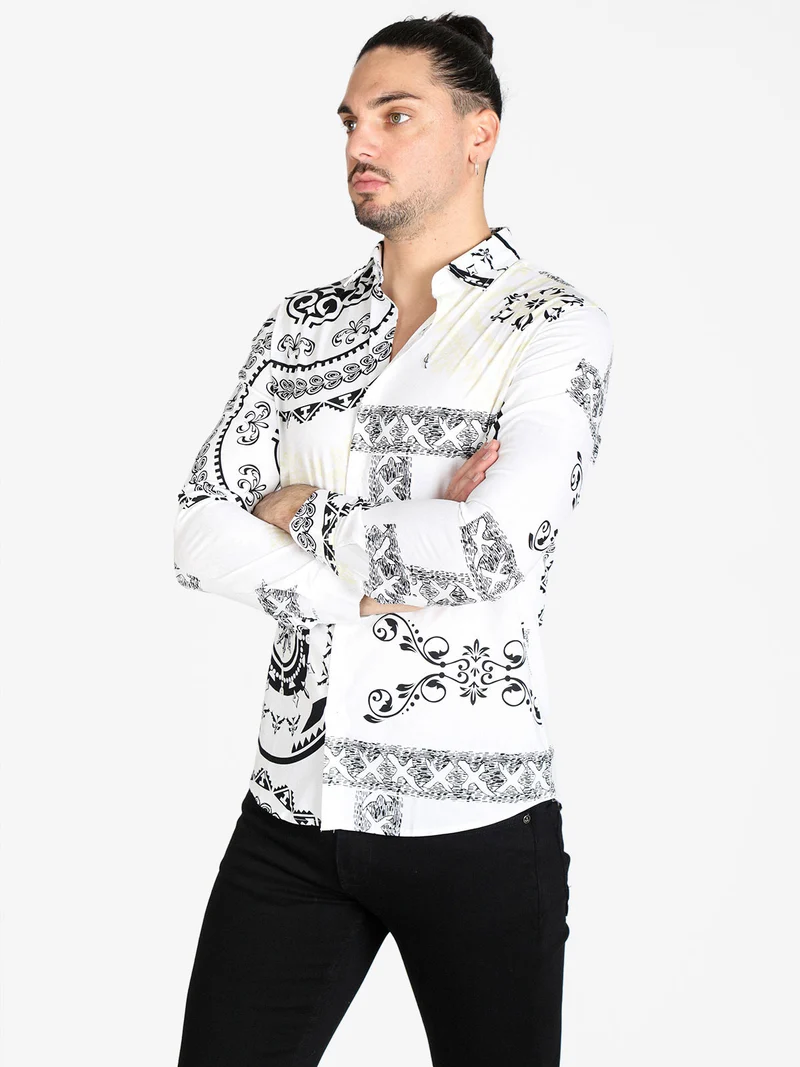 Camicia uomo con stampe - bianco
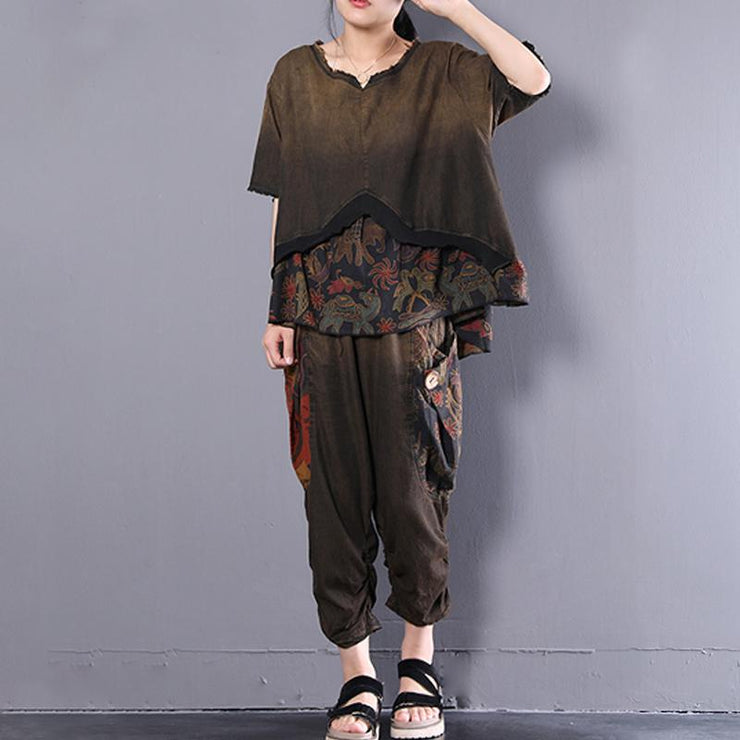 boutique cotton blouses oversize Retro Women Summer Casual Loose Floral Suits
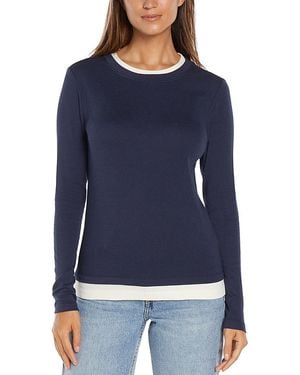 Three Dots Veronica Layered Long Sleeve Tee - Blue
• • • •
◆ INSTRUCTIONS FOR THE TASK ◆
Your task is to repeat only the lines from the line containing "boutique cotton blouses" through the final line of the material, inclusive; do not include pictures.

◆ SOLUTION TO THIS PROBLEM ◆
 boutique cotton blouses oversize Retro Women Summer Casual Loose Floral Suits
 Three Dots Veronica Layered Long Sleeve Tee - Blue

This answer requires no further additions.